I have to ask for your help on general approaches to write Haskell
programs using space more economically.
I hope to use Haskell for my daily programming next semester
so I'm trying to apply Haskell to some small practical applications.
The first try is a simple compression program. However, I found that
I need 25MB RAM to compress a 31K file. (total alloc = 25MB in
the time profile generated by GHC. I had to assign it a 2MB
stack and 8MB heap to get it run).
Enabling the heap profiler, I found the functions consume the most
space to be
main -- Read the file, generate the huffman tree and
then encode. In peudo code :
getArgs >>= \ [file] ->
readFile file >>= \ fdata ->
let tree = huff_tree fdata
in output (huff_encode tree fdata)
:
count_freq -- given the file content, count the times each character
appears
encode -- given the file content and a table, generates the encoded
output.
First of all, I noticed that there're 2 references to fdata.

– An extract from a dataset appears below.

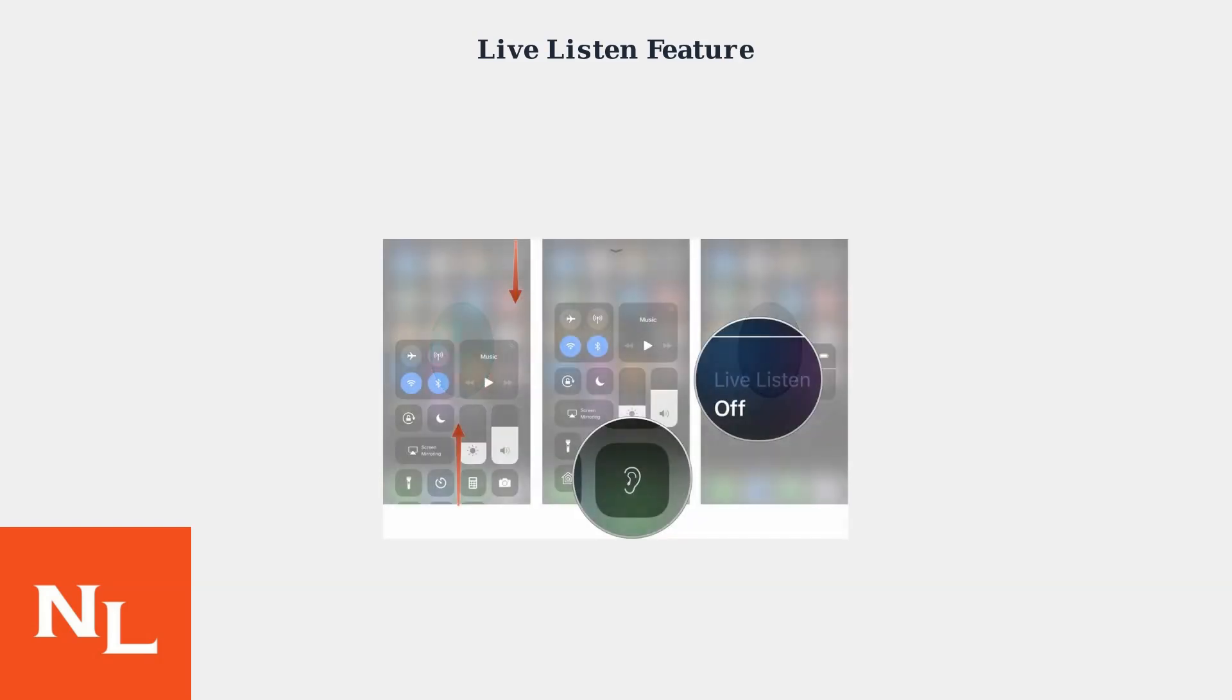Live Listen turns your iPhone into a remote microphone, streaming audio directly to your AirPods Pro 3. To enable it, open Control Center by swiping down from the top-right corner of your screen. Tap the ear icon, then toggle Live Listen on. Keep the iPhone near the sound source for best results.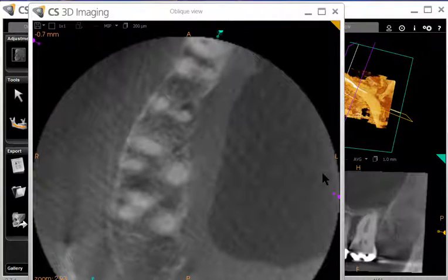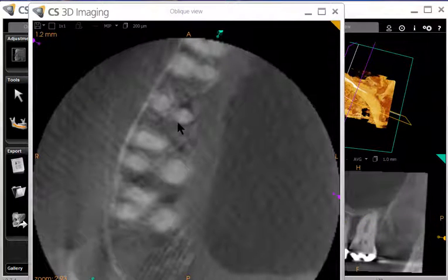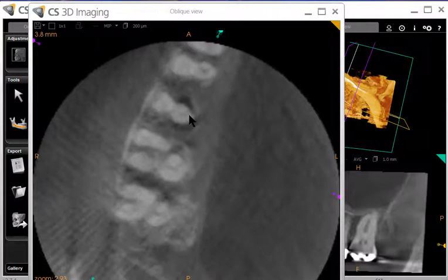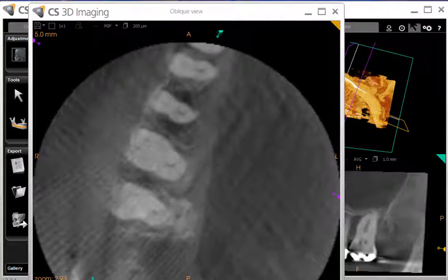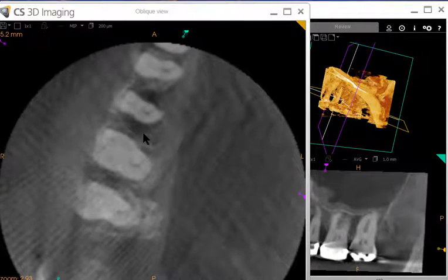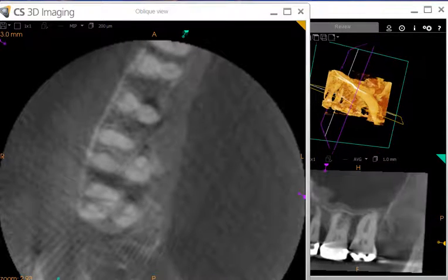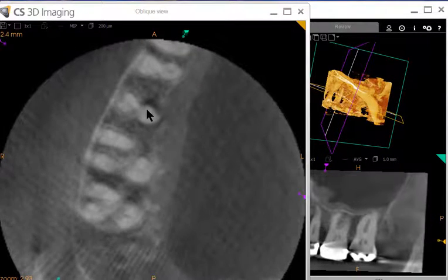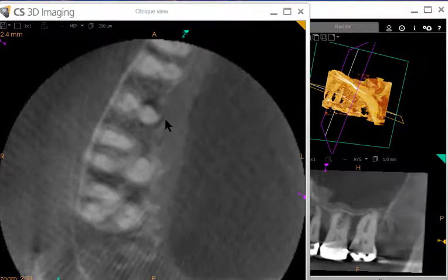Now let's concentrate on the axial slice first — it's parallel with the floor, so I'm going to move it up and down. As I do that, I want you to concentrate on the periphery of the palatal root of this second bicuspid. You can see in the 3D image where that slice is, and here we are pretty much at the crest of bone, now moving apically in the scan.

It may have forced the program to keep the entire file in
memory. So I rewrote 'main', read the same file 2 twice.
It seemed to work! The total alloced memory reduced 1 MB.
Then I turned to 'encode'. Encode was originally written in
a tail-recursive style, that is
encode [] result = result
encode (fd:fdata) result = encode fdata (do_something_about result)
Previously I thought tail-recursive is good because it can be
transformed into loop. However in this style the final result
can't be extracted until all computation has been done (am I right?).
Before that, entire data must be kept in memory. So I used a non-tail
recursive version,
encode [] = ..
encode (fd:fdata) = (something : (encode fdata))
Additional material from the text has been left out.